Europe PET buyers mull higher purchases as logistics costs surge, traders' woes increase

Author: Caroline Murray

2020/11/20

LONDON (ICIS)--The European polyethylene terephthalate (PET) market has firmed on the back of surging logistics costs, with higher import offers as the ongong shutdown season has reduced domestic production.

Higher import prices would give European sellers an opportunity to firm prices; on the other hand, buyers remain cautious due to underlying demand patterns.

Turnarounds began earlier than expected, and is now expected to end later than planned due to coronavirus restrictions.

ALL ABOUT ASIA
“It [the European market] is short because all the Asian countries are producing and exporting, and not importing, because of Covid-19," a trader said.

"Containers are not coming back empty. There are fewer than usual,” it added.
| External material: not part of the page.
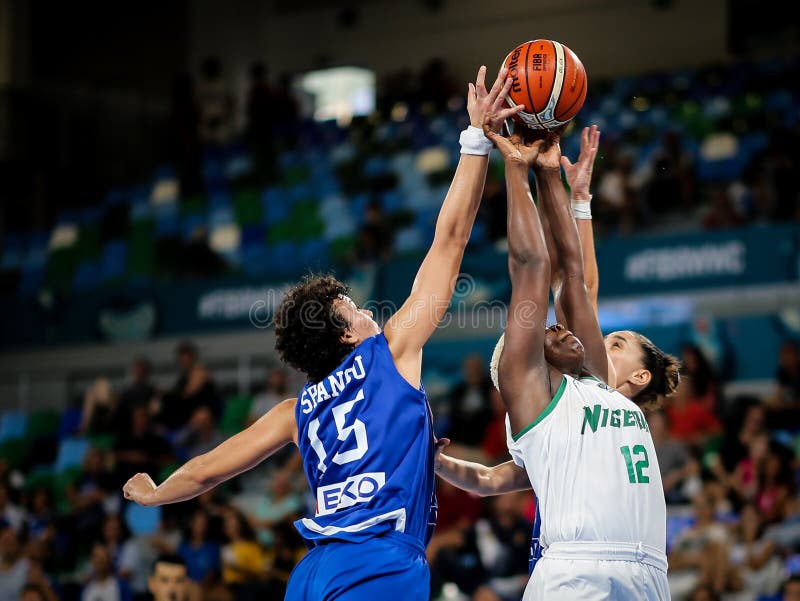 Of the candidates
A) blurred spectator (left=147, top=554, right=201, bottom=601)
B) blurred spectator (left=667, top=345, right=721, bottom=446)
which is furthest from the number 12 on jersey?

Smaller vessels are being used where possible as they are cheaper to moor, but that has reduced vessel space, the trader added.
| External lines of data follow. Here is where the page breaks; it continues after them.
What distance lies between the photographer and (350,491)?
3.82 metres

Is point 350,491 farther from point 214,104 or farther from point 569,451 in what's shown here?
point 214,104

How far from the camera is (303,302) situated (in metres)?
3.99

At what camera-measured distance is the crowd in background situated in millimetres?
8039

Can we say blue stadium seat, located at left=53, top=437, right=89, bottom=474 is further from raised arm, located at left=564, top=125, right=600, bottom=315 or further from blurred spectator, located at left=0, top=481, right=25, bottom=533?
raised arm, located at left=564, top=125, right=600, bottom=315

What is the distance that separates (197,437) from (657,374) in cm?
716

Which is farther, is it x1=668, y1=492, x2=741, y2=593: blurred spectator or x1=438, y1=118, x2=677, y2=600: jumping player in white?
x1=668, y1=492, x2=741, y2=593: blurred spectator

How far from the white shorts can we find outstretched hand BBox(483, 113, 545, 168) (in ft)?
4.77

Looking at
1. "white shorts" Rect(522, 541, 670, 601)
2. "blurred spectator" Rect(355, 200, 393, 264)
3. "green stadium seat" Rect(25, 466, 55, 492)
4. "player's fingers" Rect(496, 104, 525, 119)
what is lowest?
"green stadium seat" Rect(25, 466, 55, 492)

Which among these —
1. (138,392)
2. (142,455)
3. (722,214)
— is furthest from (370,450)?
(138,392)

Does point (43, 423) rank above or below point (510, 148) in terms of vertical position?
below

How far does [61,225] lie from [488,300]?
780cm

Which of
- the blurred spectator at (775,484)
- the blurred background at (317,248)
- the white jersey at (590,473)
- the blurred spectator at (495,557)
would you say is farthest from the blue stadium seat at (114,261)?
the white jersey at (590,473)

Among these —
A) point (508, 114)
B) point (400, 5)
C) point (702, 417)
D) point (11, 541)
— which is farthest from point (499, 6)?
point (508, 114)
The cost of shipping from Shanghai to Italy was $800-$900/container in October, but today it would be difficult to get $2,500/container, a source in Italy said.

Sending product from South Korea to Europe has been heard to cost as much as $3,000/container, or even more.

“Customers accept higher [domestic] numbers nowadays. Customers want to secure their volumes. They want to be safe because they are unsure what is coming from Asia,” a second trader said.

“PET enquiries for January and Q1 are emerging from local EU customers as imports look unreliable,” a producer added.

SEA, ROAD, RAIL
The logistical woes have gone from “serious” to “severe” in a matter of weeks.

The cost of buying a container in China would often match the price of shipping an empty one from inland US to China, for example.

This, in turn, added to the container shortfall, a third trader said.

A shortage of truck drivers in Europe and the US has meant there has been a switch to rail transport, thereby driving up the cost of railway travel, too.

Recent forecasts of “exceptionally low demand” going to year-end, could quickly change if customers who are not covered see evidence of prices moving up.

PET resins can be broadly classified into bottle, fibre or film grade, named according to the downstream applications. Bottle grade resin is the most commonly traded form of PET resin and it is used in bottle and container packaging through blow moulding and thermoforming.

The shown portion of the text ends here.